2. The democratic process is meaningful and effective. Party competition ensures that
the government remains sensitive and responsive to public opinion.
Neo Pluralist Theory
Modern industrialized states are more complex and less responsive to popular pressures
than classical pluralism suggested:
1. Business enjoys a ‘privileged position’ in relation to government that other groups
cannot rival. Business can exercise considerable sway over any government.
2. The state does forge its own sectional interests. A state elite can pursue either the
bureaucratic interests of their sector or the state or those of client groups.
The Marxist notion of a capitalist state
Two theories of the state
1. The state is clearly dependent on society and entirely dependent on its economically
dominant class (in capitalist society the bourgeoisie). Lenin thus described the state
as ‘an instrument for the oppression of the exploited class.’

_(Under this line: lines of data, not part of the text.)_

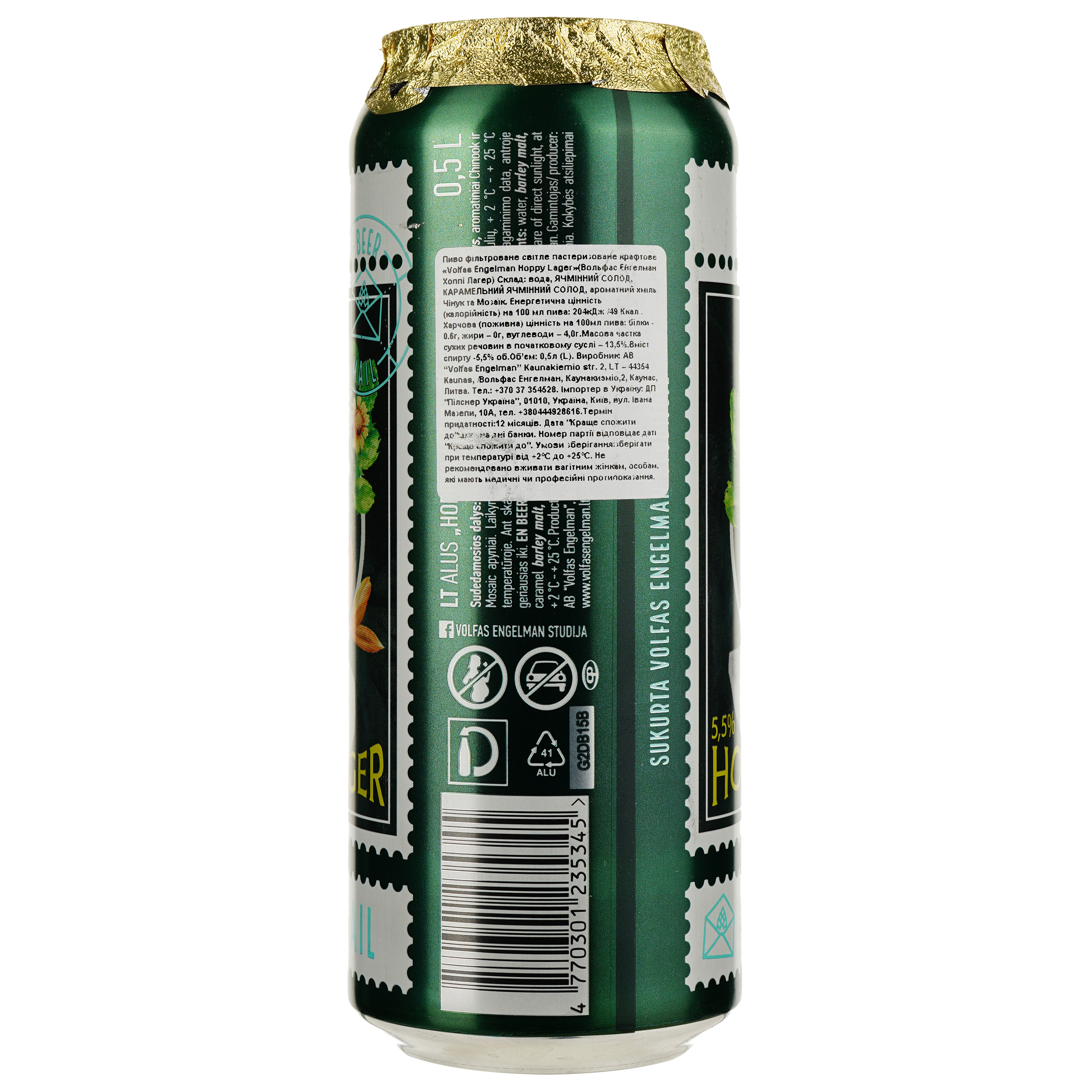 Пиво Volfas Engelman Hoppy lager, светлое, ж/б, 5,5%, 0,5 л - фото 2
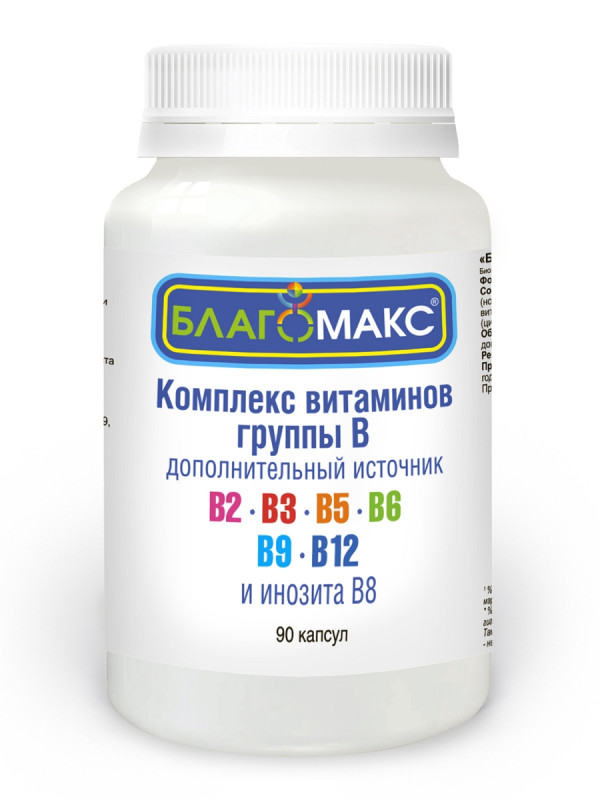 Благомакс Комплекс Витаминов группы В 150мг капс. №90 БАД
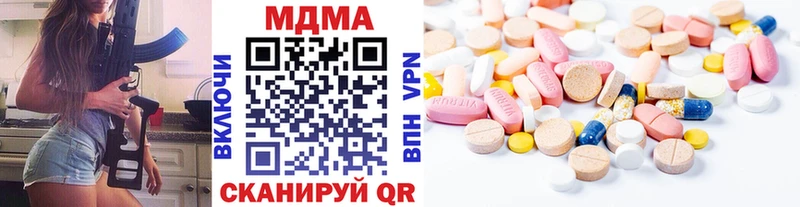 MDMA crystal  Ряжск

2. (After the revolutionary events in France between 1848-1851) The state can
articulate the interests of any class; it was not those of the bourgeoisie, but of the
most populous class in (French) society.
○ The state appears to mediate between conflicting classes and so maintains
the class system itself in existence.
, In summary, the state can only be understood in a context of unequal class power and
reflects capitalist society, by acting as an instrument of oppression by the dominant class, or
as a mechanism through which class antagonisms are ameliorated.
The state can be used during the transition from capitalism to communism in the form of the
revolutionary dictatorship of the proletariat. The state would lose its reason for existence
once the class antagonisms/class system has faded away; a fully communist society would
be stateless.
The state is used by the economically dominant class as an instrument to repress and
subdue other classes. All states are thus class dictatorships.
Neo-Marxism
Bourgeois domination is maintained largely through ‘hegemony’: intellectual leadership or
cultural control.
Miliband: the bias of the state in favor of capitalism is derived from the overlap of social
backgrounds between civil servants on one side and the business leader and captains of
industry on the other.
Poulantzas: the state cannot but act to perpetuate the social system in which it operates. In
the case of the capitalist state, its role is to serve the long-term interests of capitalism.
According to Neo-Marxists, the state is not an instrument, but a dynamic entity that reflects
the balance of power within society at any given time and the ongoing struggle for
hegemony.
The leviathan state
The New Right’s neoliberal wing has a strong antipathy towards state intervention in
economic/social life. The state is a parasitic growth that threatens individual liberty and
economic security.
The state pursues interests separate from those of society and those interests demand an
unrelenting growth in the responsibilities of the state itself.
The tendency towards state intervention reflected not popular pressure for economic and
social security or the need to stabilize capitalism by ameliorating class tensions, but rather
the internal dynamics of the state.
The expansionist dynamics of state power are caused by:
1. Demand-side pressures that emanate from society itself, through the mechanism of
electoral democracy.
○ The electoral competition encourages politicians to ‘outbid’ each other by
making promises of more generous government programs, regardless of the
long-term damage those inflict on the economy.
2. Supply-side pressures are internal to the state and explained in terms of institutions
and personnel of the state apparatus.